I realize that my second example didn’t demonstrate the issue properly, so I’ll try again. Here’s the example:

  struct X {
    implicit init(_ y: Y) { … }
  }

  struct Y {
    init?(castingFrom: X) { … }
  }

  var x: X = Y()
  var any: Any = x
  let y = any as? X { } // this is the interesting bit

Having reversible conversions implies that this as? cast should succeed, but how would that happen? The Swift runtime would need to query the dynamic type of “any” (it’s an X), then follow the runtime-generated DAG of conversions (backwards), calling init?(castingFrom:) at the appropriate points to attempt the cast. That’s complicated and bound to be slow.

From a technical standpoint I can't say much because I have no compiler experience whatsoever (yet).
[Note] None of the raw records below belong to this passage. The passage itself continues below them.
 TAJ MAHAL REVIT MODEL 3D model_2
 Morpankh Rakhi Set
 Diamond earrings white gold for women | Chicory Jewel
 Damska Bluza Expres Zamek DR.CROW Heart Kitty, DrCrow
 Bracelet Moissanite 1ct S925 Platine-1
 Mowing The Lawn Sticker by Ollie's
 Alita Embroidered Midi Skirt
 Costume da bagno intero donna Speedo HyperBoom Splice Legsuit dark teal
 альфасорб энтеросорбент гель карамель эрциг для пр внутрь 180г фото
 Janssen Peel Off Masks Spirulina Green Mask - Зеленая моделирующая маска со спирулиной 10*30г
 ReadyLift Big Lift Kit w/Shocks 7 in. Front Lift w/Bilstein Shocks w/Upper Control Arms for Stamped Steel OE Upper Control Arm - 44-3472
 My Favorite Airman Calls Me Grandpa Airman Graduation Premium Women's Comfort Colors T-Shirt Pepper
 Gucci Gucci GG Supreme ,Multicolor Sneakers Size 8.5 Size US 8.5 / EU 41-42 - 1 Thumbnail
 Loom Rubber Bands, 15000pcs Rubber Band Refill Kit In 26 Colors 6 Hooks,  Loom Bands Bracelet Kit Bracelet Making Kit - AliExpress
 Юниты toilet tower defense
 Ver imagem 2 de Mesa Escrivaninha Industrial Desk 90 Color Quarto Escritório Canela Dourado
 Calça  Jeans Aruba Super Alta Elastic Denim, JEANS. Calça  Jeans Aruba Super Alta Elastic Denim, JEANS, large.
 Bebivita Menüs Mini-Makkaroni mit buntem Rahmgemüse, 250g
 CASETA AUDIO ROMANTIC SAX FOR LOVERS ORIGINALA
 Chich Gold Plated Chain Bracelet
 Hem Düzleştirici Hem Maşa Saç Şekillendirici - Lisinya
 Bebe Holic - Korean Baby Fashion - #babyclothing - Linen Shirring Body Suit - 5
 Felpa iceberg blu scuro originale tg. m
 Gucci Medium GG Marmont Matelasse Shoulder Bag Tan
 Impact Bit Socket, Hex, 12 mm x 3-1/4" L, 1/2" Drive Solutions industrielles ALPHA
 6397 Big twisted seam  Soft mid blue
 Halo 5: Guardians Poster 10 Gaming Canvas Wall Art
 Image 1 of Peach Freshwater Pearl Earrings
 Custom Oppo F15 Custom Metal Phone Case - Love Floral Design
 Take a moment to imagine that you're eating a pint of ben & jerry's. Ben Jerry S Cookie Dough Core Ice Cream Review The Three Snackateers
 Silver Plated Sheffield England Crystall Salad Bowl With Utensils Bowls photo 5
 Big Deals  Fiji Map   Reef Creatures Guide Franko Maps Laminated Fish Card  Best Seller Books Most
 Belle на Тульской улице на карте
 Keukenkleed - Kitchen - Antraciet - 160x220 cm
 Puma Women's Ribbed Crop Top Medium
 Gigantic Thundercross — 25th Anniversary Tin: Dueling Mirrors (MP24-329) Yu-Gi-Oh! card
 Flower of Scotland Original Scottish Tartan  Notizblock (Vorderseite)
But I can see how this might mess around with the type checker and I can understand why this might be too difficult to implement for swift 3. However, I strongly believe the current numbers model of explicit conversion is too verbose and very non swift like. One of the biggest problems is the way that Int types are imported from C libraries and you have to keep converting back and forth between for example a UInt32 and an Int or something similar. Would you be open to restricting the feature to only work with number types and "hard code" that behavior into the compiler for swift 3 or do you think that's something we should not proceed with, or have a different solution for solving the numbers problem?

I understand the problem you’re trying to solve, and I don’t have a good solution to it. However, generalized user-defined conversions is, for me, too big a hammer for solving this particular problem.